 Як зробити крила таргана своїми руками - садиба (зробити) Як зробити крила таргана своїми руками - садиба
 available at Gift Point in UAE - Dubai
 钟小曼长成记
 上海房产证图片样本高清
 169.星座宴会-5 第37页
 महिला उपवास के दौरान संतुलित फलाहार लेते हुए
---
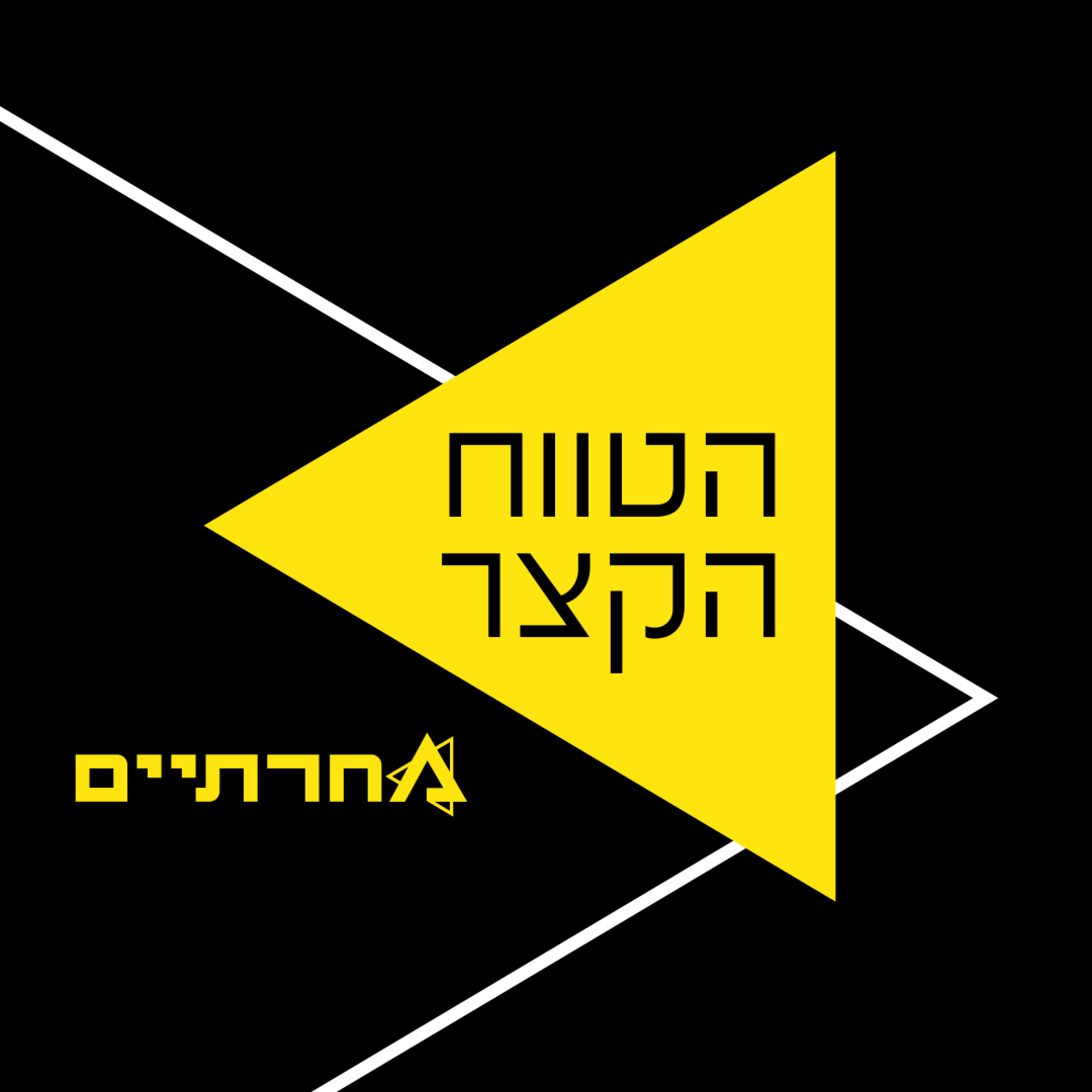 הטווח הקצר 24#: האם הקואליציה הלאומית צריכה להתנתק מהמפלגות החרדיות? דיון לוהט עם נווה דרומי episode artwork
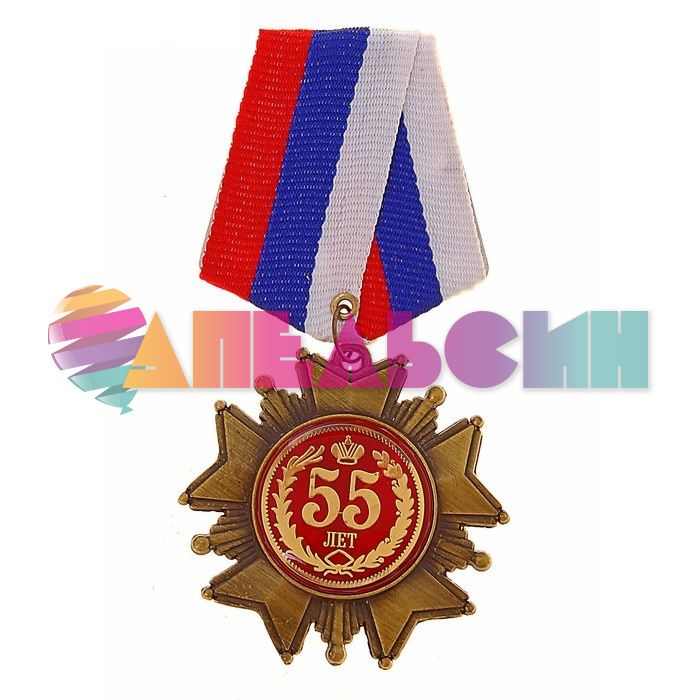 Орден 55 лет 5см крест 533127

What you should do — Write down, word for word, the lines above from the one containing "Як зробити крила таргана своїми руками - садиба (зробити)" through the one containing "महिला उपवास के दौरान संतुलित फलाहार लेते हुए", both ends included.

Expected answer —
 Як зробити крила таргана своїми руками - садиба (зробити) Як зробити крила таргана своїми руками - садиба
 available at Gift Point in UAE - Dubai
 钟小曼长成记
 上海房产证图片样本高清
 169.星座宴会-5 第37页
 महिला उपवास के दौरान संतुलित फलाहार लेते हुए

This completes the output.